--- Information shown ---
******

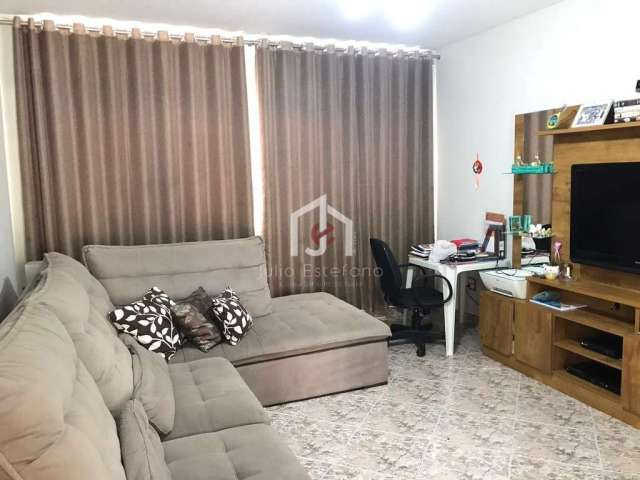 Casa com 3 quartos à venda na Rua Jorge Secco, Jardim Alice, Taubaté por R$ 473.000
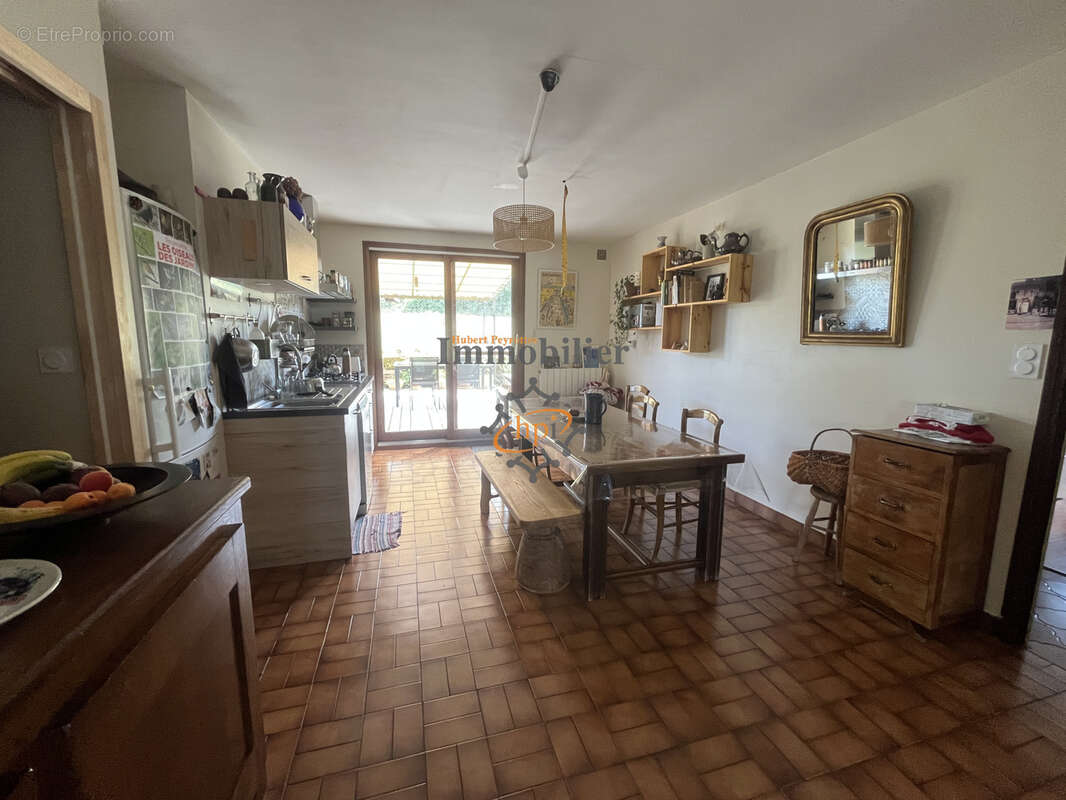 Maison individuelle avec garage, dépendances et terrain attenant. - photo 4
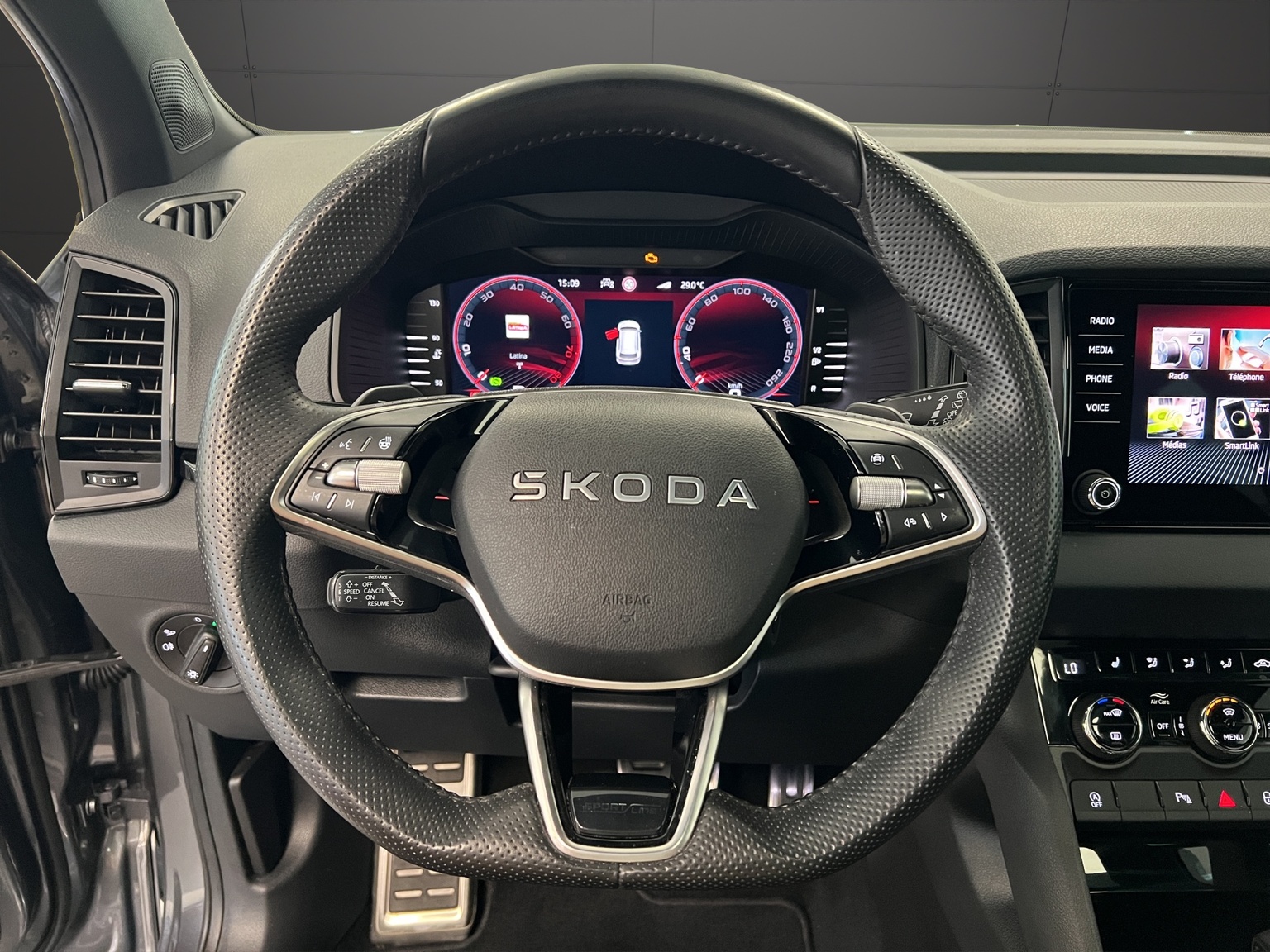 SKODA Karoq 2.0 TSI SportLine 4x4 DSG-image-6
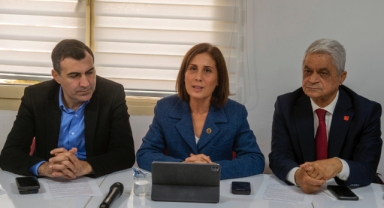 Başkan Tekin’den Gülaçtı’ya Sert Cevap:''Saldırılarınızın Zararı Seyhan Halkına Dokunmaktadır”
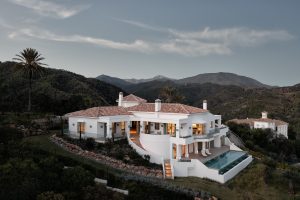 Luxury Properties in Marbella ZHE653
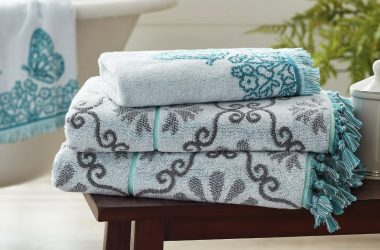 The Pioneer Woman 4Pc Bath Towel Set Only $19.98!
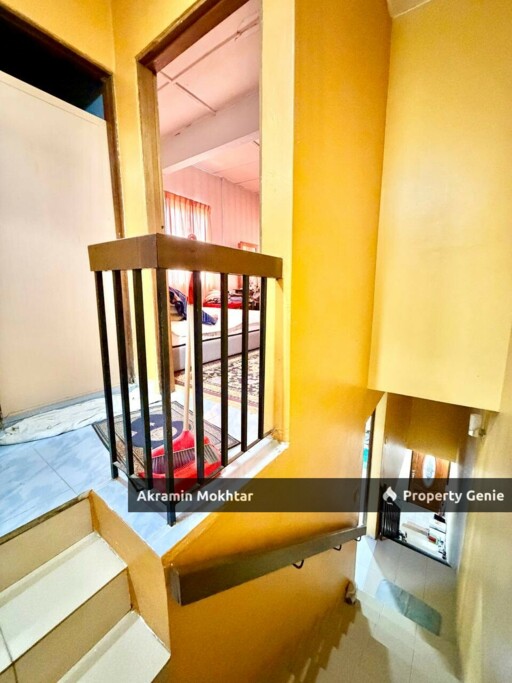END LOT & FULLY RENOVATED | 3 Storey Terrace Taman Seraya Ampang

******

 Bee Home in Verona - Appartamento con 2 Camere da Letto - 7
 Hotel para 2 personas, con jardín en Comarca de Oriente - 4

******

--- Exercise requirements ---
Word for word, repeat the lines above from the one with "SKODA Karoq 2.0" through the one with "END LOT & FULLY", and nothing beyond them. Omit the pictures.

--- Result below ---
 SKODA Karoq 2.0 TSI SportLine 4x4 DSG-image-6
 Başkan Tekin’den Gülaçtı’ya Sert Cevap:''Saldırılarınızın Zararı Seyhan Halkına Dokunmaktadır”
 Luxury Properties in Marbella ZHE653
 The Pioneer Woman 4Pc Bath Towel Set Only $19.98!
END LOT & FULLY RENOVATED | 3 Storey Terrace Taman Seraya Ampang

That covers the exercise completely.